Using this approach, David Burgess and I concluded in a 2011 Journal of Benefit-Cost Analysis paper that public investment should pursue a 7 percent real rate of return (that is, the return after inflation) on average, with a range of 6–8 percent for different, “typical” government projects. At the extremes, when project funding and benefits affect only consumption and not capital availability, the acceptable rate might be as low as 3.5 percent; yet when projects reduce private capital but don’t contribute to capital formation, rates should be as high as 8.5 percent. It is, however, expensive to determine those differential consumption and capital effects on a project-by-project basis, so a useful rule of thumb suggests that projects should yield returns in the 6–8 percent range.
This simple but correct answer has been difficult to implement.
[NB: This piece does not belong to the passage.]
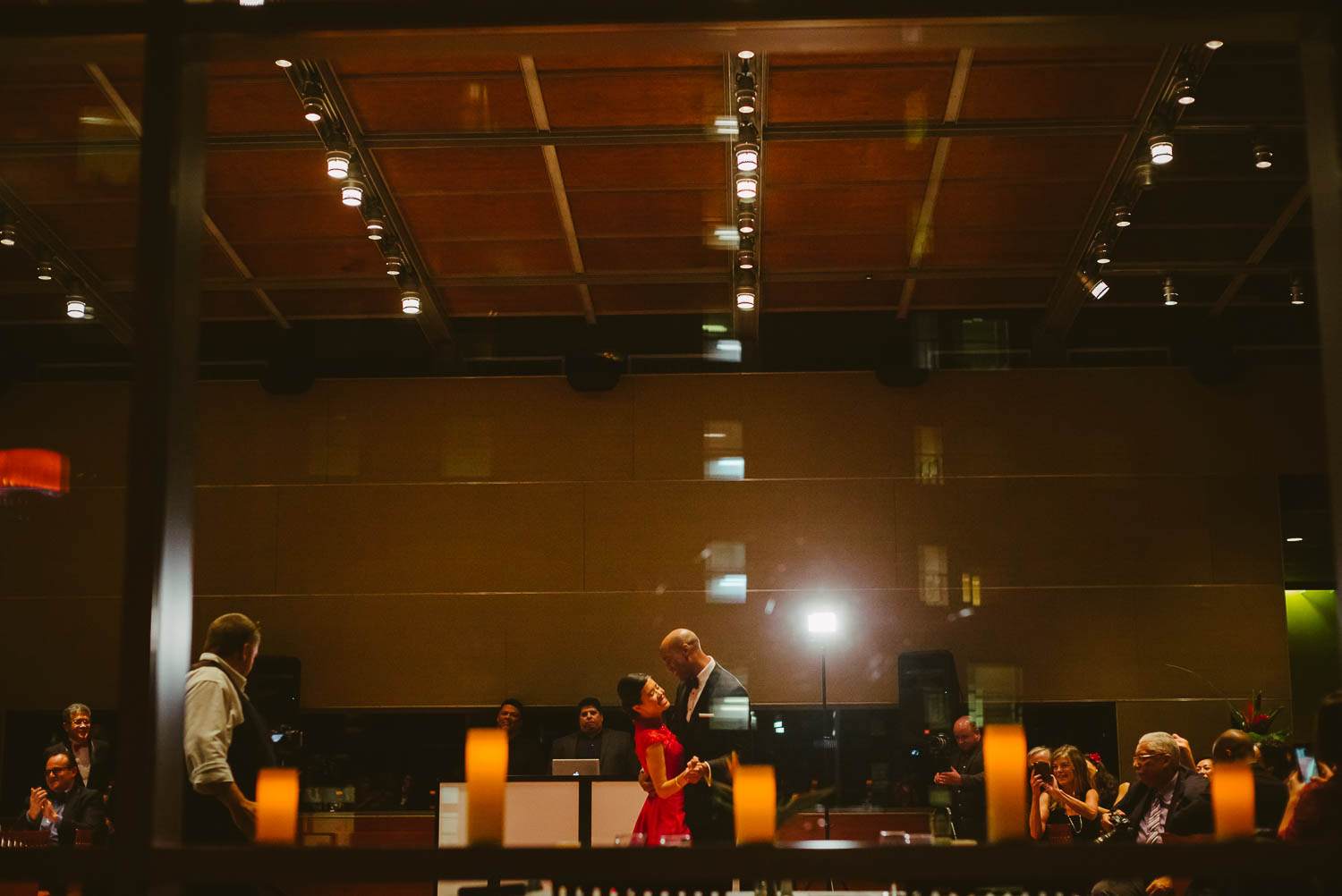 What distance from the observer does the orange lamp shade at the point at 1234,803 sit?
188cm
Federal agencies have exhibited striking inconsistencies in their use of discount rates, not only across agencies but, in the case of some regulations, within agencies. More extreme, the Environmental Protection Agency and the National Oceanic and Atmospheric Administration have used low discount rates (3 percent) for benefits and high rates (7–10 percent) for costs, even during the same time period—a procedure that appears particularly problematic.
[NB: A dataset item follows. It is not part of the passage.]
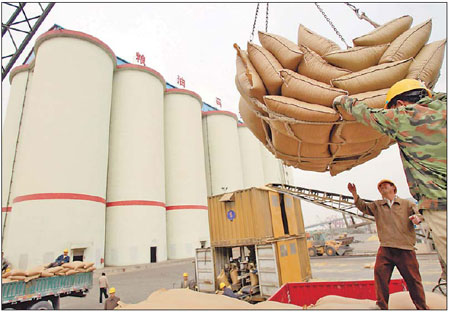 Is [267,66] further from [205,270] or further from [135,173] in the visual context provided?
[135,173]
In an attempt to standardize the rate used, the Office of Management and Budget began issuing discount rate guidelines in 1972 and continues to issue them on an annual basis. In 1992, just prior to Bill Clinton entering the Oval Office, the guidelines lowered their recommendation from 10 percent to 7 percent, which remains the OMB-recommended expected return today.
Unfortunately, OMB guidelines have had little effect on rates actually used by government. This should not be surprising; the lower the rate, the more projects an agency can justify, while agencies that use higher rates are put at a competitive disadvantage.
ALTERNATIVE RATES—AND WHY THEY’RE WRONG
A number of rationales exist for not following the OMB-recommended 7 percent real rate. The most common one is the belief that market interest rates (e.g., for government or corporate bonds) represent the opportunity cost of capital, and that cost should not influence government investment. But in fact, market rates of interest do not take into account the actual returns on private investment, which is around 8.5 percent in real terms. (Burgess and I calculated this return as the ratio of national income minus compensation to labor divided by the replacement value of capital.)
Some proponents of alternative rate-of-return targets suggest using rates based only on the rate of time preference—that is, the amount one must pay an individual to induce him to delay consumption from today to the future. Such rates will be lower than the returns available on alternative investments. But this policy seems irrational if one’s goal is enhancing public welfare; focusing only on the cost of consumption delay ignores the opportunity costs of higher-yielding investments that are forgone because money is routed to lower-returning investments. In a world of capital constraints, should we invest in a project that yields 2 percent when projects yielding 7 percent are available? In addition, the rates of pure time preference ascertained from surveys vary wildly across individuals and thus provide little guidance for public investment choices.
Arrow / Recently, in a paper published in the journal Science, Nobel economics laureate Kenneth Arrow and coauthors proposed social rates that vary from 1 percent to 3.94 percent, with the higher rate for projects with shorter time horizons and the rate falling toward 1 percent as the time horizon increases and benefits are realized further into the future. Those rates are based on time preference rates that vary from 1 percent to 7 percent. To translate the time preference rates into social rates, Arrow et al. start with the assumption that time preference rates in any future period vary from 1 percent to 7 percent with equal likelihood. Because they are interested in the effect of each of those rates, they average not the rates themselves, but the discount factors (DFs) associated with each rate for each time period of future returns.